Ahora que ETA ha anunciado su disolución, los medios nos ofrecen un dosier con algunas de las anécdotas más enjundiosas de la banda terrorista: la única mujer policía infiltrada, los primeros asesinatos, las detenciones masivas, el asesinato de Carrero Blanco, la pistola con la que empezaron a matar y que al parecer había encargado Hitler...

Sobre ETA se podría escribir una biblioteca entera. Mejor dicho: se ha escrito. La historia contemporánea es siempre atractiva, y cuanto más repugnantes son los hechos narrados, más atractivos pueden llegar a resultarnos. No hay más que fijarse en Narcos, la exitosa seria de Netflix, que casualmente estoy viendo al tiempo que se recuerdan las «hazañas» de quienes situaron a España en general y al País Vasco en particular en un estercolero de dolor y muerte.
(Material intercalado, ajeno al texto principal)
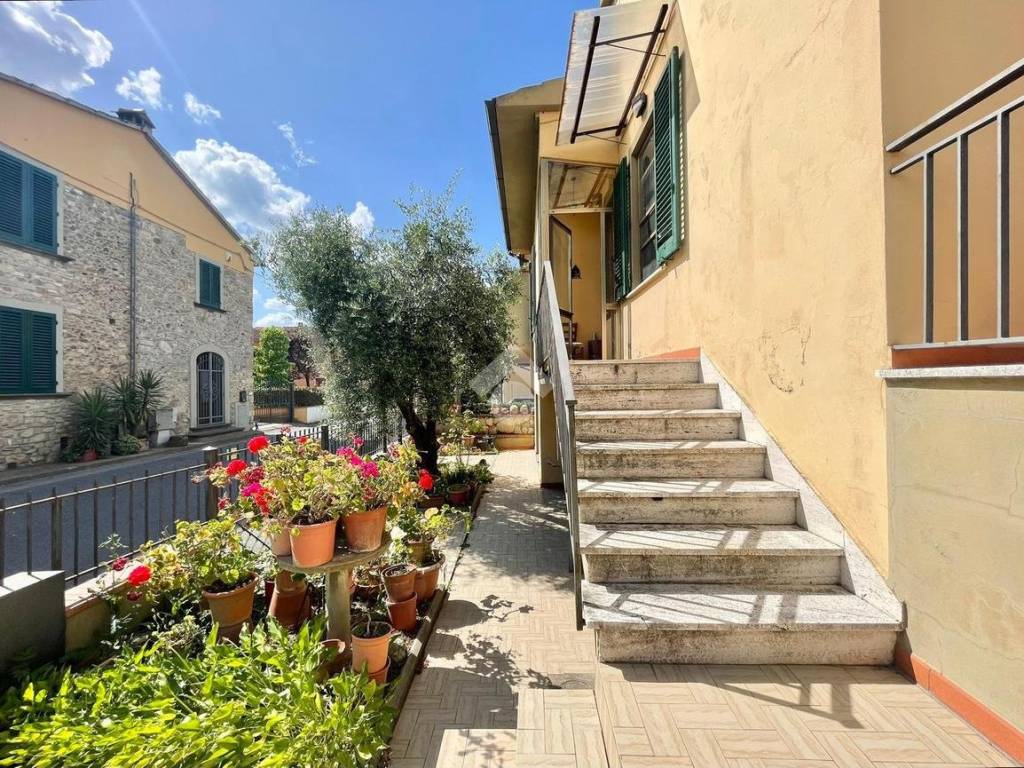 Casa indipendente a Carmignano in Via San Giuseppe, 64 - Foto 4
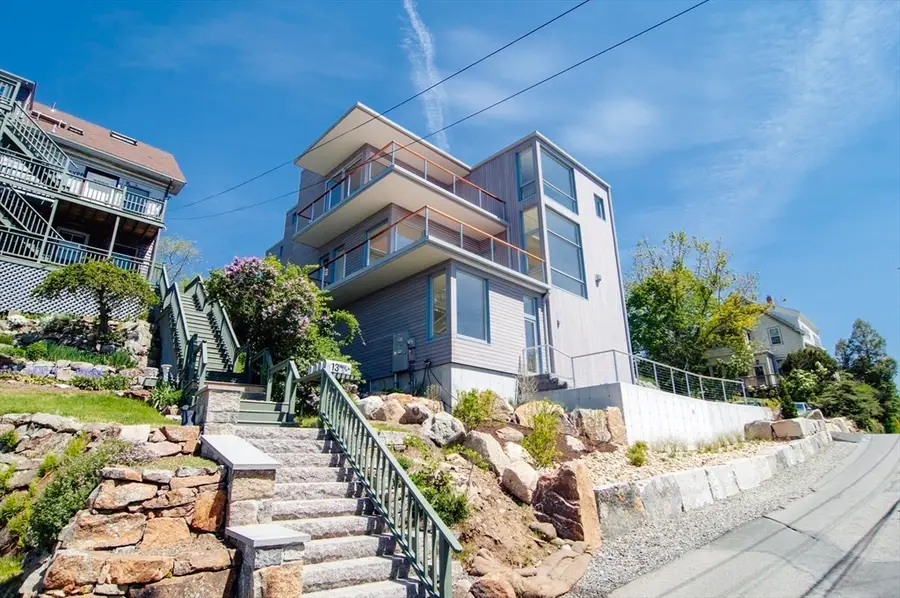 11 Wall Street #R, Gloucester, MA 01930 - #3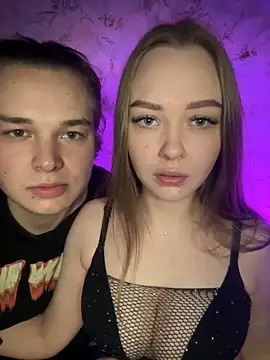 Family-Mm1 online show from February 7, 2026, 8:34 pm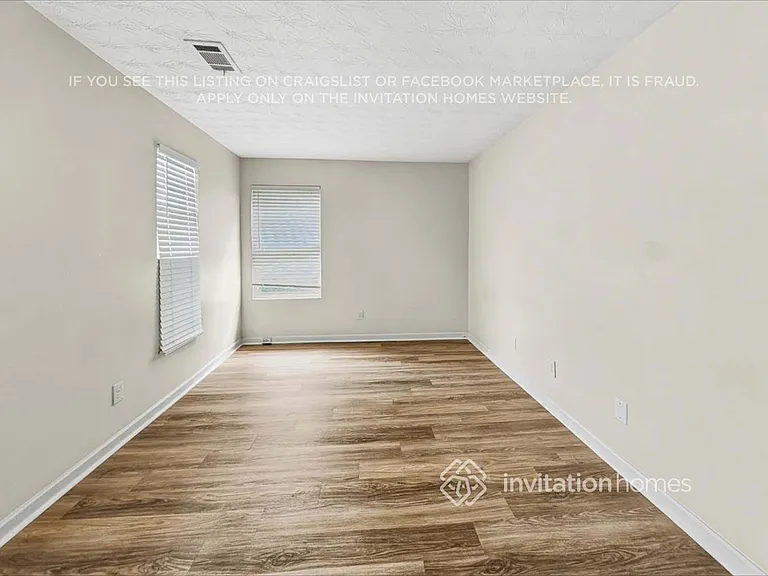 414 Waterbury Way — Photo 18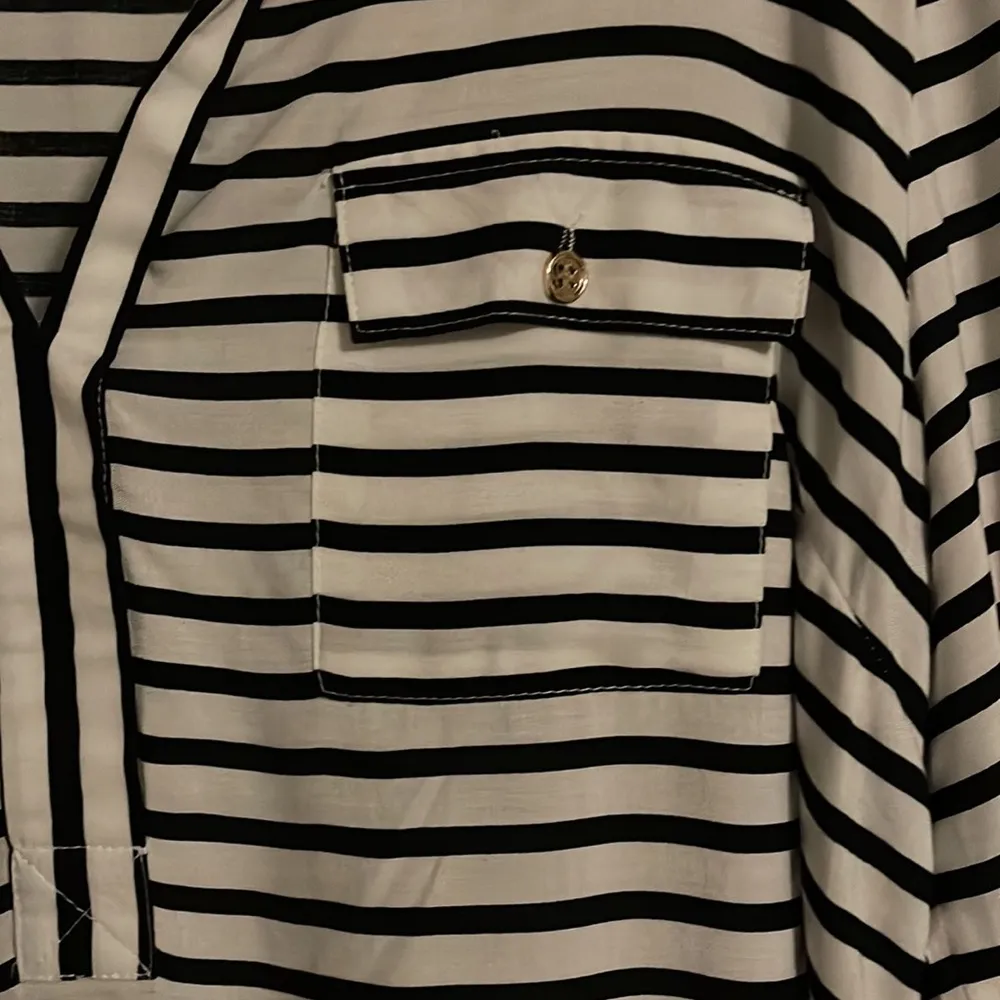 Guess  blouse - Image 3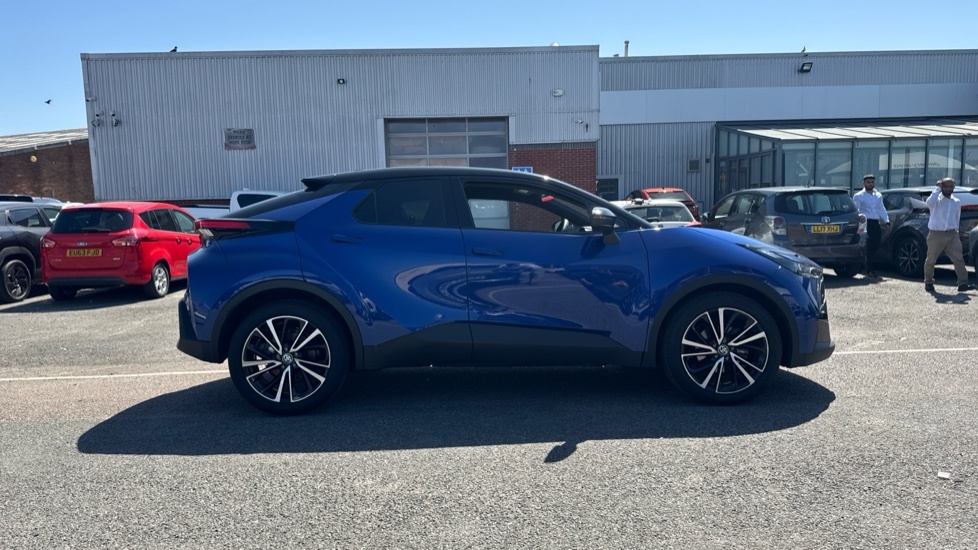 Toyota C-Hr 1.8 Vvt-h Excel Cvt Euro 6 Ss Red #23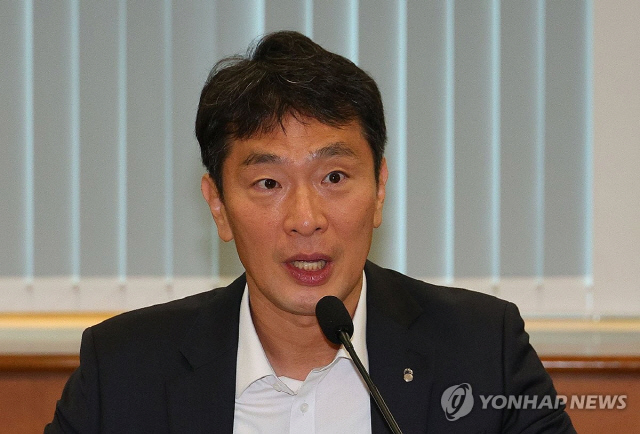 이복현 금융감독원장이 지난 26일 서울 여의도 금융감독원에서 열린 가상자산사업자 CEO 간담회에서 발언하고 있다. [연합뉴스]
El modus operandi de Pablo Escobar y de los terroristas vascos es similar: cierto toque de populismo, otro tanto de mesianismo y mucho de violencia intimidatoria. Escobar, que quiso ser político -consiguió ser elegido suplente al senado por el movimiento Alternativa Liberal- prometía al pueblo trabajo, dignidad y justicia mientras inundaba las calles de asesinatos y de droga. ETA, por su parte, emponzoñó el deseo de independencia (ese cajón de sastre donde ciertas almas creen que van a encontrar la solución a todas sus carencias) de un país, España, que, al igual que la Colombia del presidente Gaviria, no sabía qué hacer con sus violentos enemigos, si pactar, someterse o luchar con las armas. O las tres cosas a la vez.
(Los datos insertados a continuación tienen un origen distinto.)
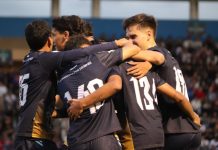 Zorros de la UMSNH inician temporada con goleada 6-0 El equipo nicolaita festeja un gol decisivo frente a una multitud entusiasta en el Estadio Universitario.
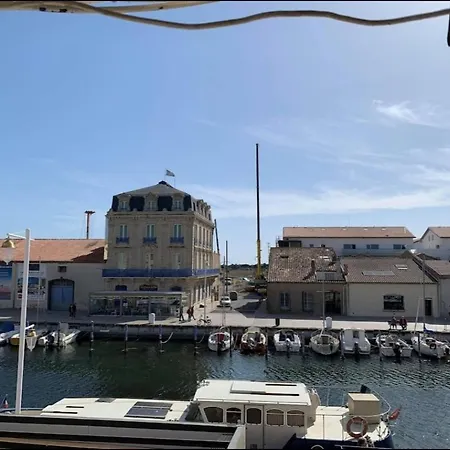 D'exception Sur Le Port Pittoresque De * 마르세이앙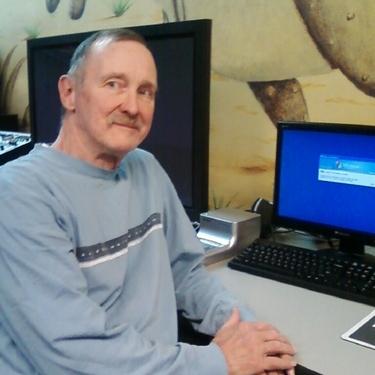 Profile Picture of JOHN HENAULT (@lenokeficek) on Twitter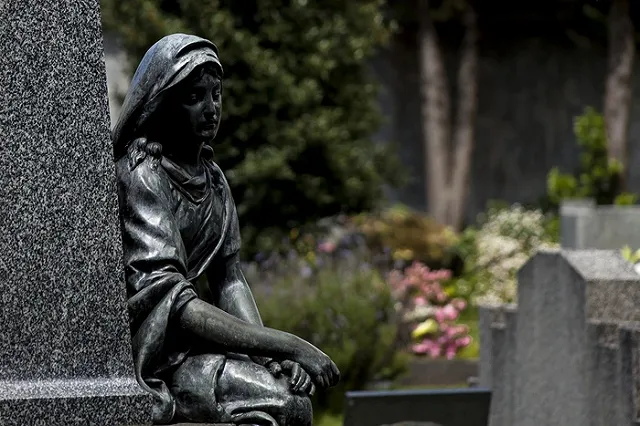 В Красноуфимске мать покончила с собой во время выпускного сына в детском саду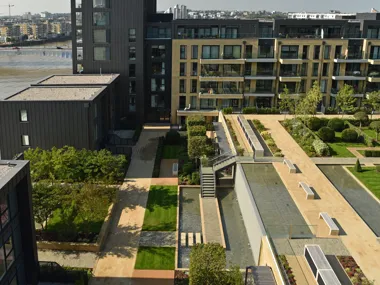 Fulham riverside schittert langs de Theems met als grote troef de prestigieuze binnentuin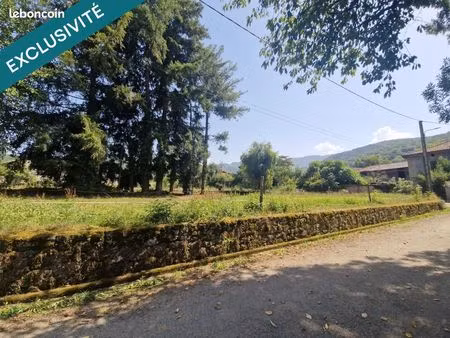terrain 480 m² urau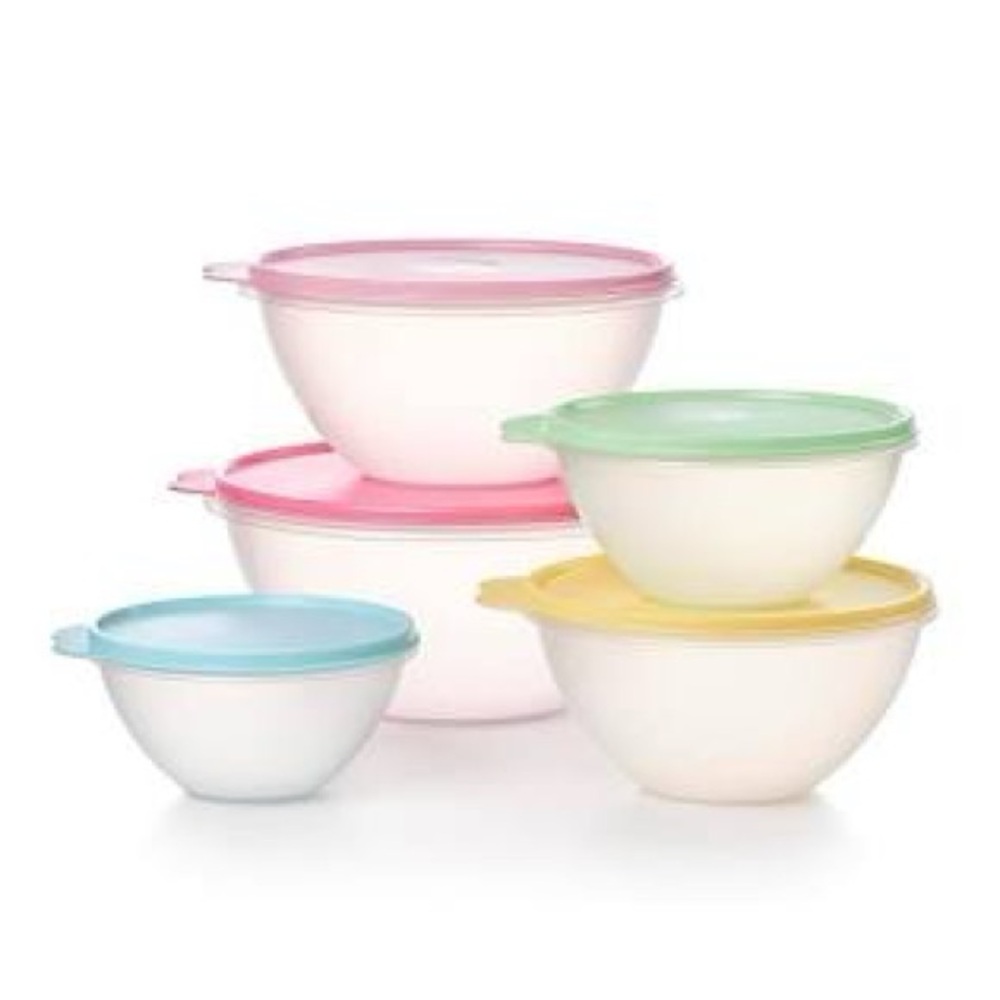 Tupperware Vintage Wonderlier Bowl Set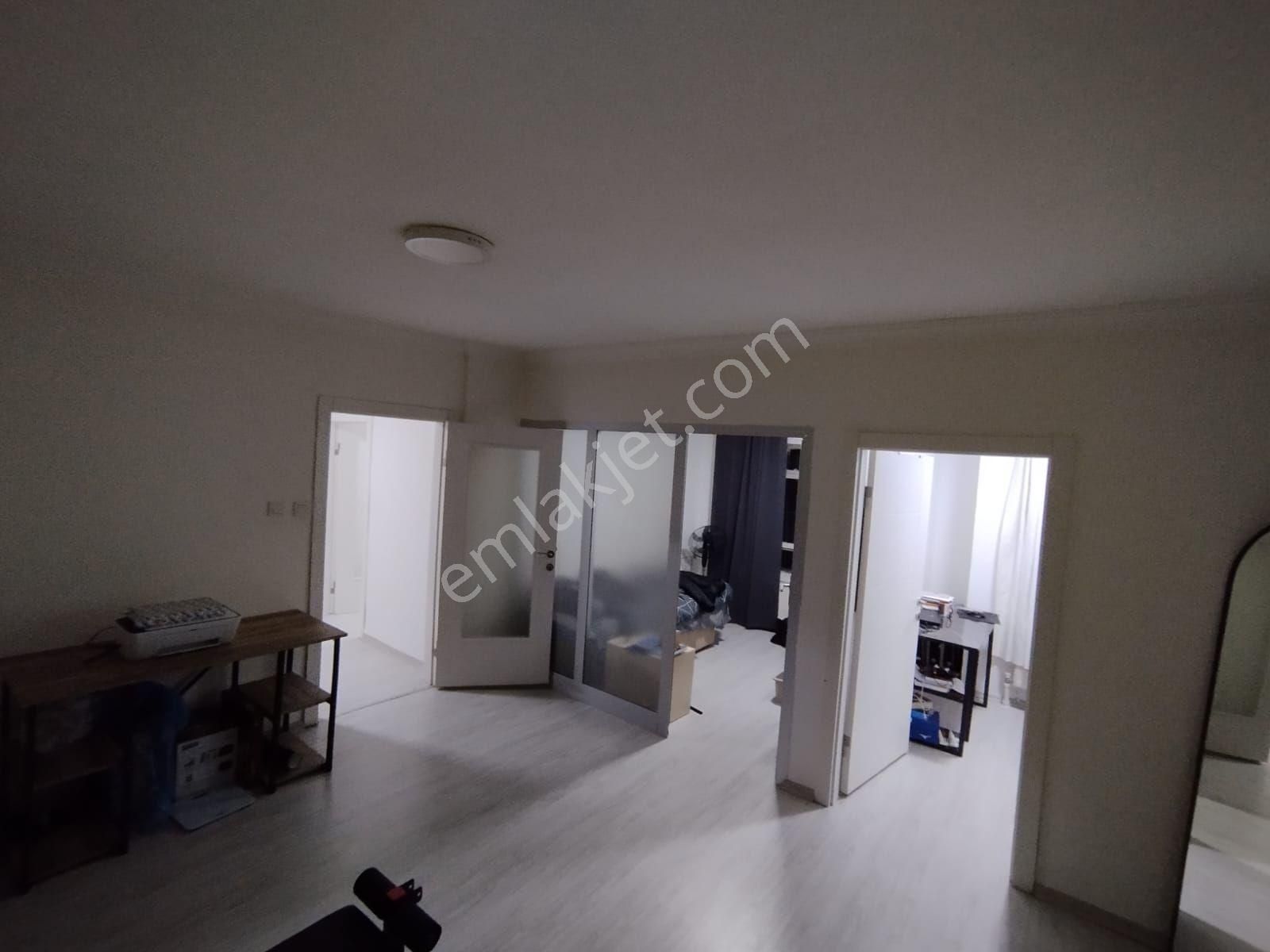 Sahibinden Tıp Fakültesi Caddesi Yakını Merkezi 3+1 Ev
Tanto Escobar como ETA consiguieron seducir a esa parte de la población que por diversos motivos -ninguno de ellos, bueno- opina que el fin justifica los medios. Escobar está muerto (desde 1993) y ETA, disuelta, o eso dice. Pero en la historia de estas dos lacras no encontraremos grandes alegrías, más allá de sus fascinantes mimbres narrativos.